Necessary Endings

“Getting to the next level always requires ending something, leaving it behind, and moving on. Growth itself demands that we move on. Without the ability to end things, people stay stuck, never becoming who they are meant to be, never accomplishing all that their talents and abilities should afford them.”― Henry Cloud

Divorce is one of the strangest circumstances a person can find themselves in. One day you’re spending your life with this person and the next, you’re strangers. You have to navigate an entirely different reality than what you were living in just months earlier, and have no clue how long it will take to get adjusted.
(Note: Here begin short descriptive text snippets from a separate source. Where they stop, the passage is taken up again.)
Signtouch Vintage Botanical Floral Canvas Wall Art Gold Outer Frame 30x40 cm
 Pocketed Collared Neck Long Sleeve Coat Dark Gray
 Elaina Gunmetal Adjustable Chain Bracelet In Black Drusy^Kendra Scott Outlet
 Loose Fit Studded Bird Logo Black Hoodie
Unfortunately, there’s no manual for such things, but the one thing that’s guaranteed is there will be waves of grief and sign posts of healing.

This past September, my crazy, powerful subconscious reminded me that it would have been my wedding anniversary at the end of the month – a date I hadn’t thought about in the four years since my separation. My subconscious holds on to those markers of pain like warning sirens ready to protect me from the next potential threat. I really do appreciate it, but she also catches me off guard at times!

Though there is no part of me that desires to be back in that marriage, I had to once again acknowledge that there was a loss. Of relationship. Of expectation. Of the future I thought I wanted.

There was continued grieving for the person I was – a girl willing to live with only partial joy. Someone who didn’t think there could be better because maybe she didn’t believe she deserved better. She was caged by a lack of emotional awareness and slave to the suffering of not feeling truly known and loved.

On the other hand, I felt encouraged to keep going. To know that life has led me to right here and right now. To see how much freedom, joy, and love I experience in the present. To recognize the progress of fibers reattaching and holes being filled in. Even bricks being taken down from the wall built around my heart.

The wounded parts feel smaller, more insignificant. The whole, beating part more available to risk and love and be the version of me I admire most – open, expansive in my capacity for others, fully alive.

I see a little girl and the Christ, and the intersection of the two within my soul. She is happy. Confident. And ready for new beginnings.

[Photo: In San Miguel de Allende for a friend’s birthday and Dia de los Muertos – remembering the past and celebrating the future.]